Never give up hope. My U.B. had ears just like your beautiful girl's until he was about 5 years old. Then, they started standing erect when he'd go to the vet, or anytime there was some action going on. And before I knew it, they were up 100% and haven't come down! He's now almost 8 and his ears are beautiful. I know it's not the norm, but it can happen and I have a beautiful male GSD with erect ears to prove it


----------



## m1953

lorriekirby said:


> Never give up hope. My U.B. had ears just like your beautiful girl's until he was about 5 years old. Then, they started standing erect when he'd go to the vet, or anytime there was some action going on. And before I knew it, they were up 100% and haven't come down! He's now almost 8 and his ears are beautiful. I know it's not the norm, but it can happen and I have a beautiful male GSD with erect ears to prove it


Thanks for that


----------



## julie87

lorriekirby said:


> Never give up hope. My U.B. had ears just like your beautiful girl's until he was about 5 years old. Then, they started standing erect when he'd go to the vet, or anytime there was some action going on. And before I knew it, they were up 100% and haven't come down! He's now almost 8 and his ears are beautiful. I know it's not the norm, but it can happen and I have a beautiful male GSD with erect ears to prove it


 
Seriousely when he was 5 years old?!!!were they ever erect when he was a pup?


----------



## lorriekirby

Yes, seriously between 5 & 6. His ears were never erect, ever. The breeder spent lots of time taping and trying everything they knew to make them go up. He went thru the teepee stage, the bad comb-over stage, and then they pretty much each stuck out to their own side. Everybody made so much fun of him and I was constantly asked what kind of mutt dog was he. Finally, they started standing when he saw squirrels, or was in a state of excitement. Then one day, there they stood - beautifully erect all the time!! Even when he's exhausted they still stay up. I was totally amazed as were lots of folks on this board, but I posted a history of his pics a while back.


----------



## julie87

Wow that's crazy! Glad his ears came up better late than never 


Sent from my iPhone using Petguide.com Free App


----------



## m1953

lorriekirby said:


> Yes, seriously between 5 & 6. His ears were never erect, ever. The breeder spent lots of time taping and trying everything they knew to make them go up. He went thru the teepee stage, the bad comb-over stage, and then they pretty much each stuck out to their own side. Everybody made so much fun of him and I was constantly asked what kind of mutt dog was he. Finally, they started standing when he saw squirrels, or was in a state of excitement. Then one day, there they stood - beautifully erect all the time!! Even when he's exhausted they still stay up. I was totally amazed as were lots of folks on this board, but I posted a history of his pics a while back.

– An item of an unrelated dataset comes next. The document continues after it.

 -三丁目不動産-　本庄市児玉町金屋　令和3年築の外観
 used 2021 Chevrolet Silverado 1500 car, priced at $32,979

That gives be some hope at least. Thanks again


----------



## carmspack

almost looks like the ears have some damage to the cartilage , referring to the waviness . This dog has such a beautiful expression just the way he/she is .


----------



## m1953

carmspack said:


> almost looks like the ears have some damage to the cartilage , referring to the waviness . This dog has such a beautiful expression just the way he/she is .


Yea I know. That waviness has be concerned too. But at that same time there are times when they are straight up. Here is a picture taken the day before I took the other picture. We were out walking and playing ball. She can at times put them up.


----------



## julie87

They will be up you will see!


Sent from my iPhone using Petguide.com Free App


----------



## m1953

julie87 said:


> They will be up you will see!
> 
> 
> Sent from my iPhone using Petguide.com Free App


. Thanks


----------



## VanBuren shepherds

Okay, so I finally tried using moleskin glued into the ears for the first time. It seems to be the most comfortable thing I've ever used to assist with the ears, and without really paying attention you would not even notice they were in there. They seem to hold up real well also. They don't fall apart like pipe insulation does. Here is what I did:
1) Purchased mole skin with adhesive backing from a pharmacy.
2) Purchased Torbot skin bond offline.
3) Purchased large breathe right strips from a pharmacy.
4) I cleaned out the ears real well with an ear cleaning solution. Inspected the ears for any irritations or infections and allowed ears to dry completly.
5) I then cut the moleskin to the shape of the inside of the ear. Kind of like a teardrop. Making sure it was small enough to have 1/4" all around the moleskin.
6) Next I removed the backing off the mole skin and applied a thin layer of Torbot to it. Allowed the glue to dry for about a minute.
7) I had an assistant hold the ear open to where I could easily fit the moleskin into the ear as centered best I could... making sure it was covering the crease in the bottom of the ear.
8) I inspected the moleskin for any loose spots and touched up the edges with Torbot to make sure it was secure.
9) Last I decided where the weakest parts of the ear was and I placed the breathe right strips over it vertically to help the ear stand correct. I ended up using two strips per ear and they stick really well to the moleskin.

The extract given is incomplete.